*WHAT YOU SHOULD DO*
Would you please copy every line from the records that contains the word "with"?

┏━━

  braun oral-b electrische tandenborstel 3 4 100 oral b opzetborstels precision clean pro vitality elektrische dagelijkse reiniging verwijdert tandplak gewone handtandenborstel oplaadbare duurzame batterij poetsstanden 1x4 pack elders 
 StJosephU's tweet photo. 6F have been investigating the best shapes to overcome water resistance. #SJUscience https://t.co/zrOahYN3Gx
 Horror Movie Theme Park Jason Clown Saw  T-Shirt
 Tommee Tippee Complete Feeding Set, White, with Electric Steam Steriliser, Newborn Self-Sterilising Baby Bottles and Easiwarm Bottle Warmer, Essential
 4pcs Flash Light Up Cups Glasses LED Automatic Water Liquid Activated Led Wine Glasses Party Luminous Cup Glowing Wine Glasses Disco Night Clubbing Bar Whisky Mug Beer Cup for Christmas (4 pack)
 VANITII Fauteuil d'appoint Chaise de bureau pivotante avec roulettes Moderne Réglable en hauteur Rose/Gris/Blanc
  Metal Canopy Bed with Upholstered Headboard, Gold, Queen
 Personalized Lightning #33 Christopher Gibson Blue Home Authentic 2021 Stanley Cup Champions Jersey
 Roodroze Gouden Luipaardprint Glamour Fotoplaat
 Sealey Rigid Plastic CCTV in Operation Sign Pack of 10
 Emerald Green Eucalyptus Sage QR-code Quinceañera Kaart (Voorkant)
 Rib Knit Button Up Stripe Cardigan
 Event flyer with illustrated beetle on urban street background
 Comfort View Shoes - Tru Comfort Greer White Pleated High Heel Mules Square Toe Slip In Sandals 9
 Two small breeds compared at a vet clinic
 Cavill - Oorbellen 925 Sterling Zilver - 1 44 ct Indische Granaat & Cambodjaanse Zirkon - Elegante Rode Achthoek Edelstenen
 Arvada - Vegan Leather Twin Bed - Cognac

┗━━

*COMPLETED EXERCISE*
 Tommee Tippee Complete Feeding Set, White, with Electric Steam Steriliser, Newborn Self-Sterilising Baby Bottles and Easiwarm Bottle Warmer, Essential
  Metal Canopy Bed with Upholstered Headboard, Gold, Queen
 Event flyer with illustrated beetle on urban street background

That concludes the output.